__Task instructions__. Reproduce exactly the lines below, from the first one through the line containing "Familie mit zwei", and omit any pictures.

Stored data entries
════

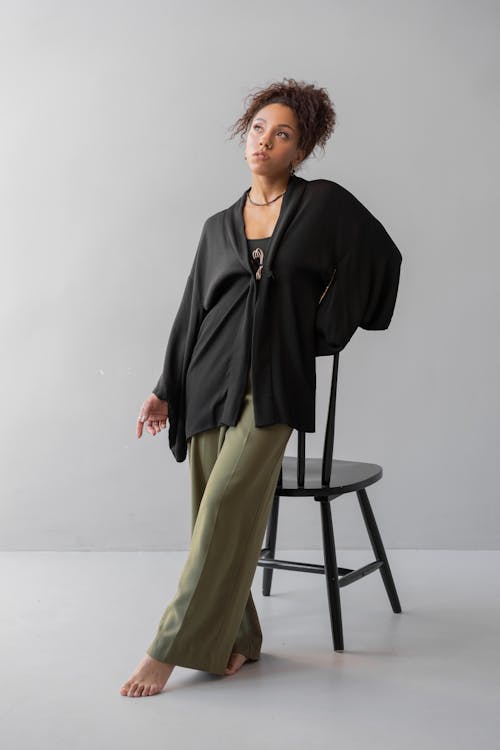 A Woman in Black Long Sleeves and Green Pants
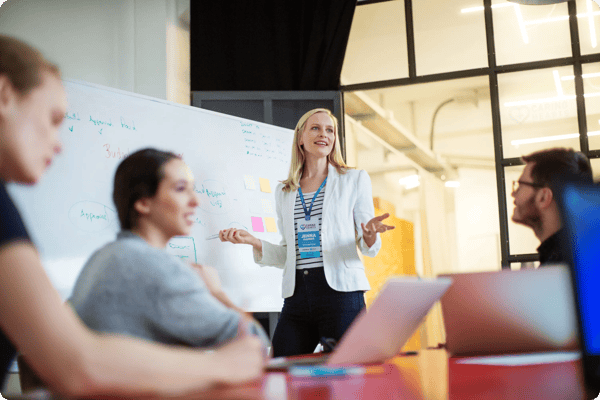 a team of event planners discusses a conference strategy in an office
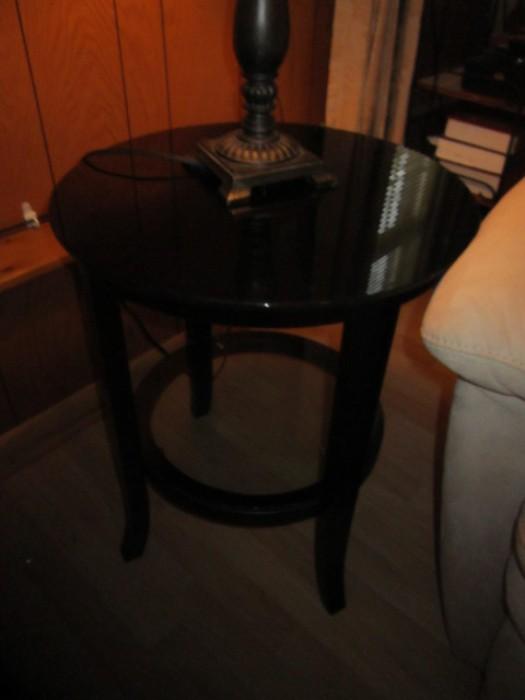 One of a pair of end tables with glass tops and bottom shelves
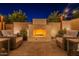 Serene patio area with a stone fireplace, cozy seating, and string lights, creating a relaxing outdoor space at 1956 W Kinfield Trl, Phoenix, AZ 85085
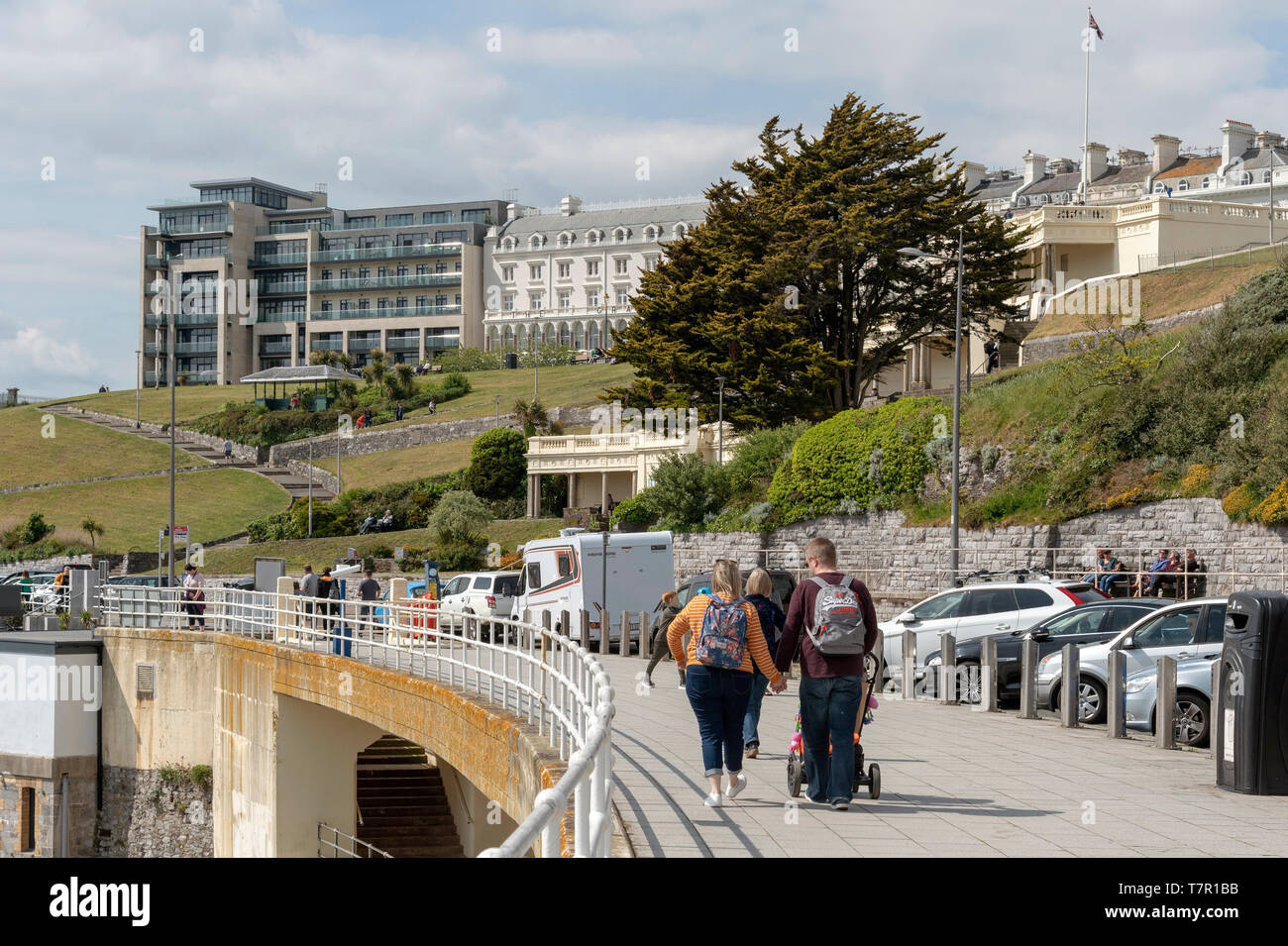 Plymouth, Devon, England, UK. May 2019. People walking on the waterfront with a view of property on The Hoe area of Plymouth UK. Stock Photo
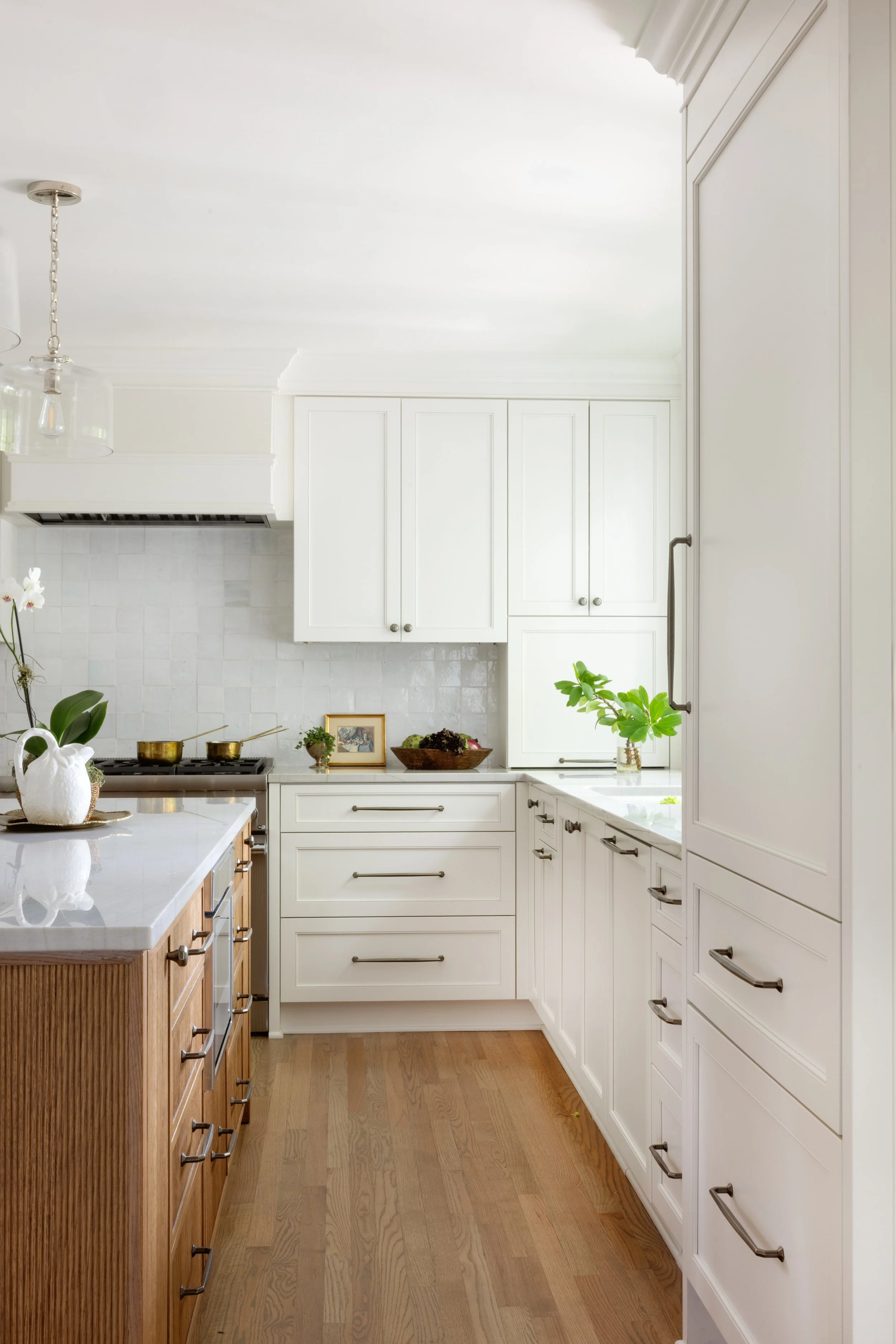 A spacious kitchen with white cabinets, a marble countertop, wooden drawers, and a hardwood floor. There are decorative plants, a framed photo, and a pottery pitcher on the counter.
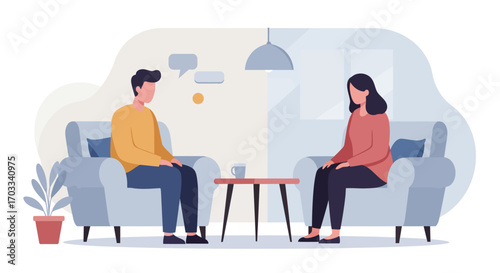 Two people engaged in a counseling session, sitting in armchairs, communicating.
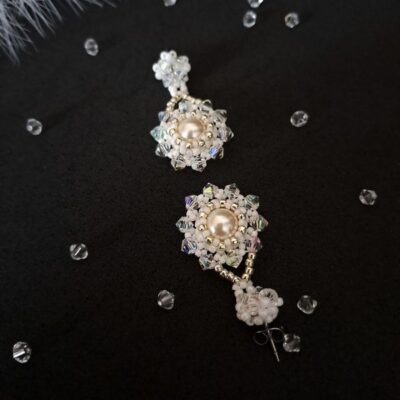 Kolczyki z perłowym blaskiem, idealne na specjalne okazje. Subtelny design nadaje im elegancji, dzięki czemu są doskonałym wyborem dla panny młodej, która pragnie dodać blasku do swojej stylizacji.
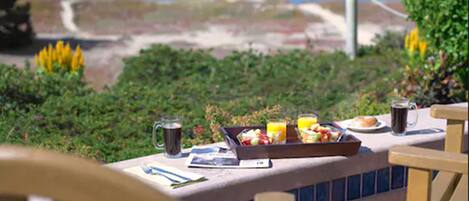 Une table dressée avec des aliments pour le petit-déjeuner, une boisson et une vue sur la mer et les bateaux.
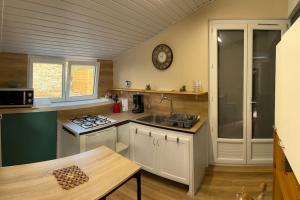 eine Küche mit einem Waschbecken und einer Uhr an der Wand in der Unterkunft Gîte : La Petite Grange in Valojoulx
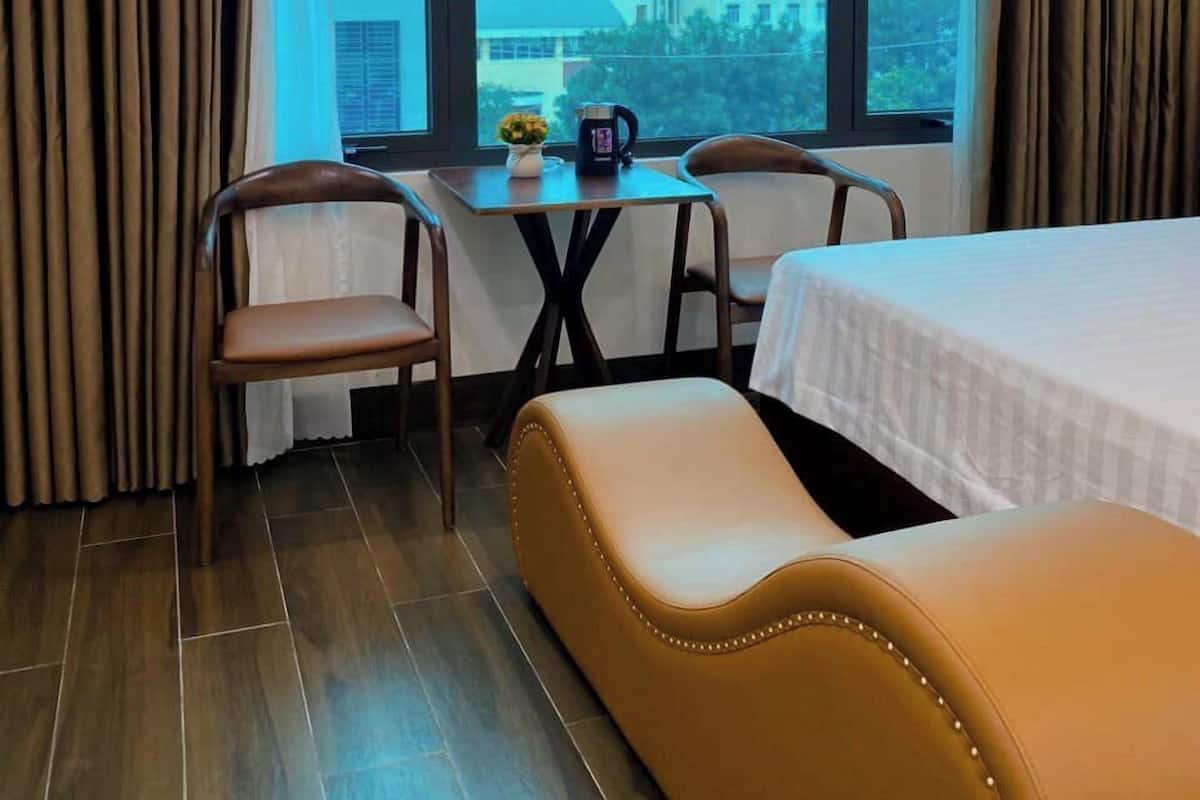 A hotel room with a bed, a sofa, a table with chairs, and a large window offering a city view.
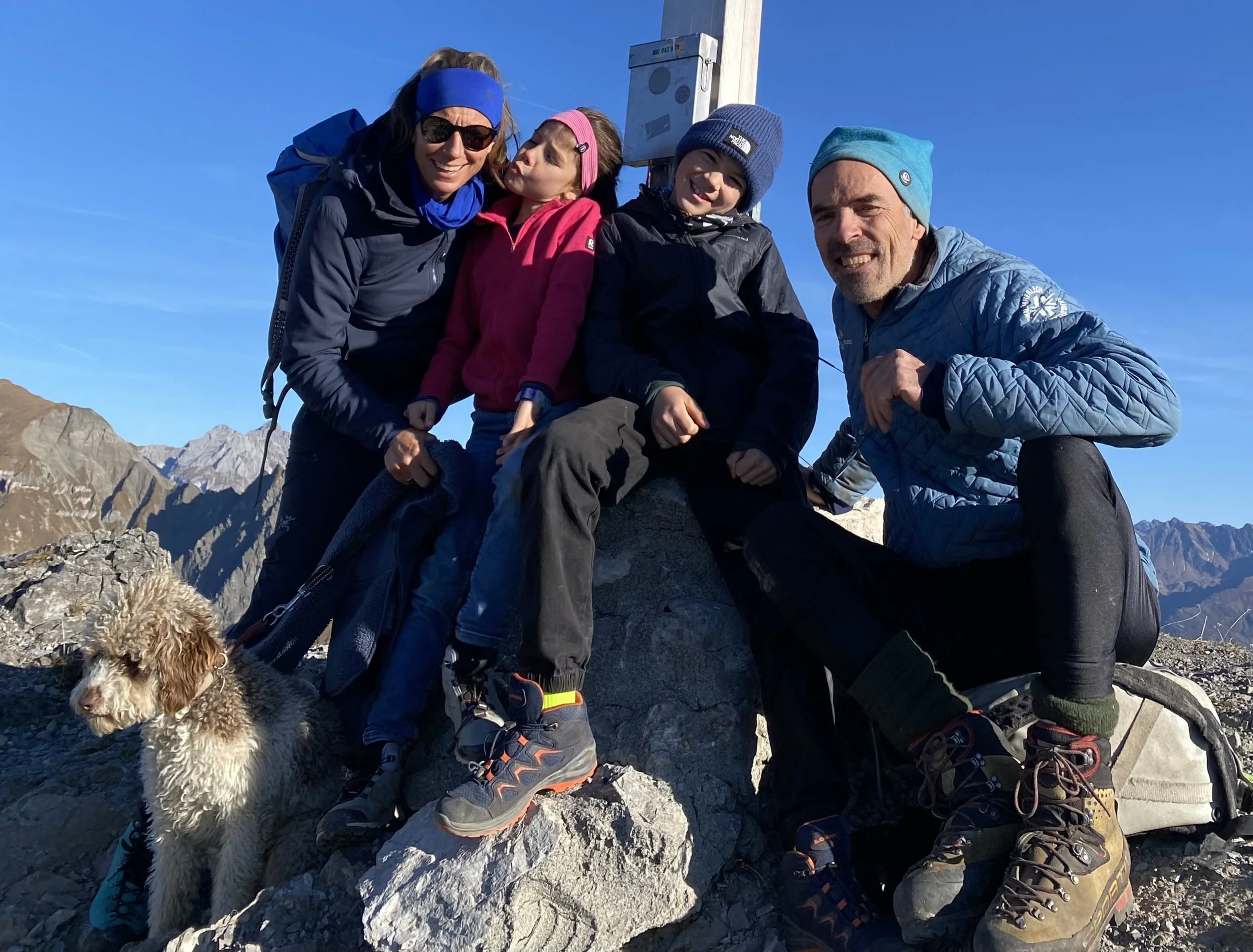 Familie mit zwei Kindern und einem Hund auf einem Berggipfel, umgeben von Bergen, mit blauer Kleidung und Outdoor-Ausrüstung.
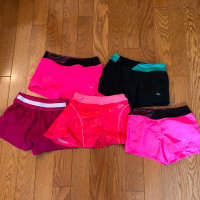 Size 7-8 4 shorts and 1 skirt with built in shorts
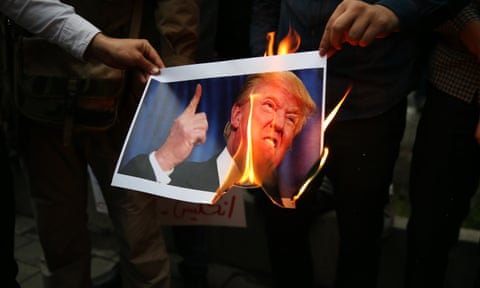 Iranians burn a photo of Donald Trump in Tehran.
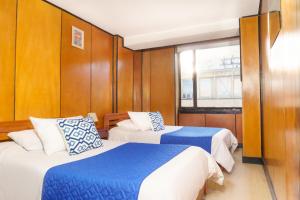 a room with two beds and a window at Hotel San Francisco in Tunja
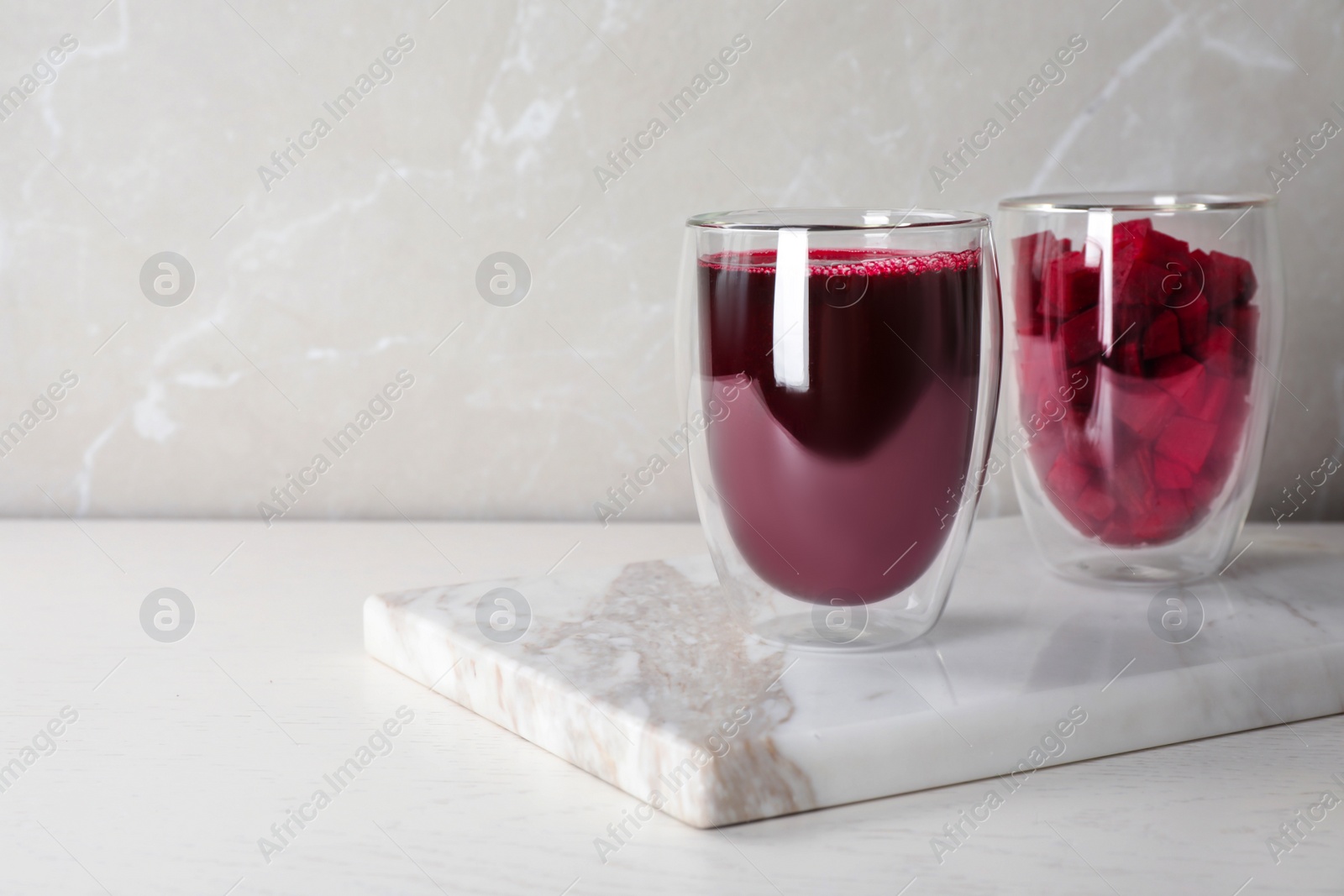 Photo of Glasses with fresh beet juice and cut vegetable on marble board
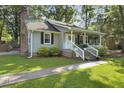 Lovely home with a welcoming front porch, brick chimney, green lawn, and a sidewalk leading to the entrance at 1337 Old Fort Rd, Moncks Corner, SC 29461
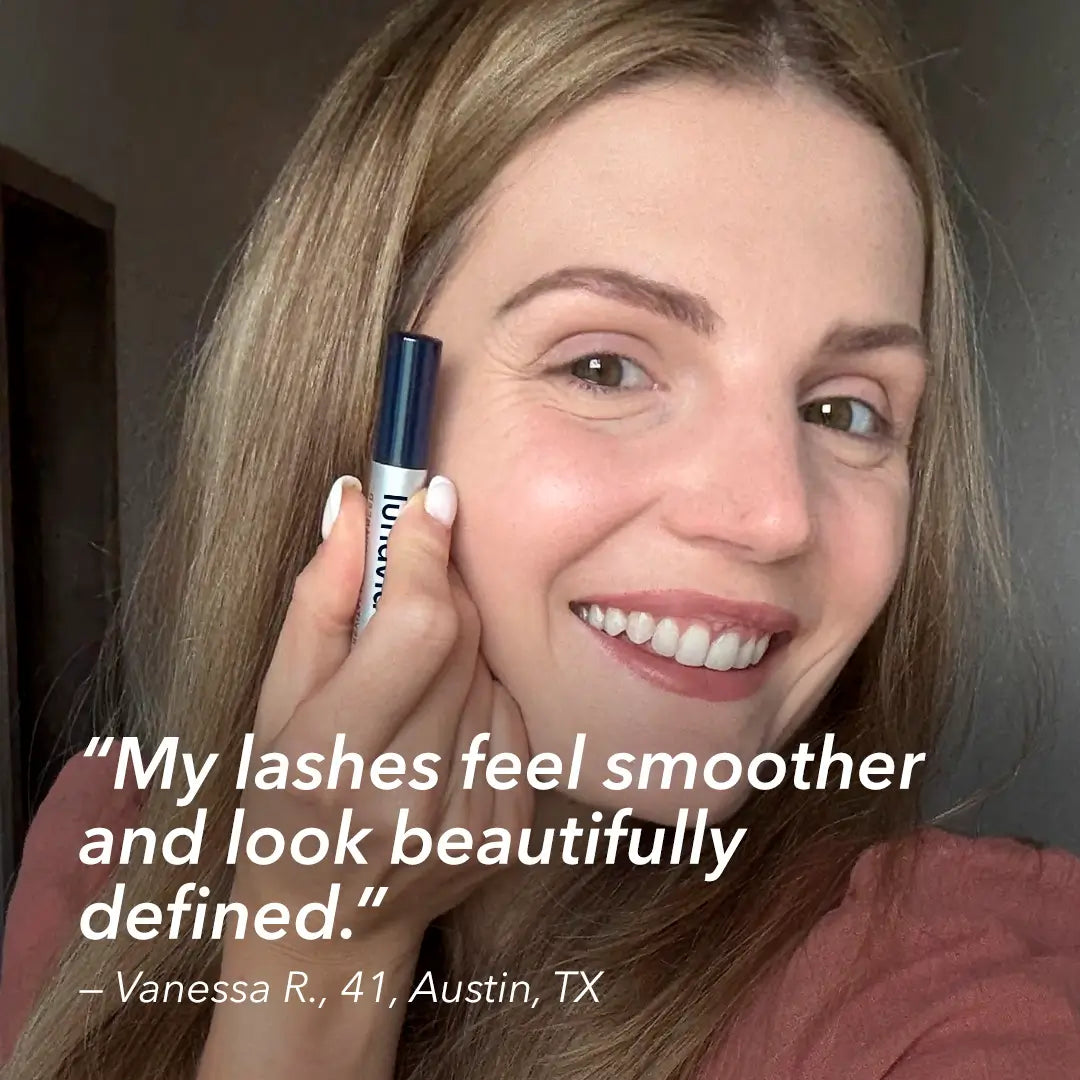 Woman holding eyelash serum with review about smoother, defined lashes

════

__Result below__.
 A Woman in Black Long Sleeves and Green Pants
 a team of event planners discusses a conference strategy in an office
 One of a pair of end tables with glass tops and bottom shelves
 Serene patio area with a stone fireplace, cozy seating, and string lights, creating a relaxing outdoor space at 1956 W Kinfield Trl, Phoenix, AZ 85085
 Plymouth, Devon, England, UK. May 2019. People walking on the waterfront with a view of property on The Hoe area of Plymouth UK. Stock Photo
 A spacious kitchen with white cabinets, a marble countertop, wooden drawers, and a hardwood floor. There are decorative plants, a framed photo, and a pottery pitcher on the counter.
 Two people engaged in a counseling session, sitting in armchairs, communicating.
 Kolczyki z perłowym blaskiem, idealne na specjalne okazje. Subtelny design nadaje im elegancji, dzięki czemu są doskonałym wyborem dla panny młodej, która pragnie dodać blasku do swojej stylizacji.
 Une table dressée avec des aliments pour le petit-déjeuner, une boisson et une vue sur la mer et les bateaux.
 eine Küche mit einem Waschbecken und einer Uhr an der Wand in der Unterkunft Gîte : La Petite Grange in Valojoulx
 A hotel room with a bed, a sofa, a table with chairs, and a large window offering a city view.
 Familie mit zwei Kindern und einem Hund auf einem Berggipfel, umgeben von Bergen, mit blauer Kleidung und Outdoor-Ausrüstung.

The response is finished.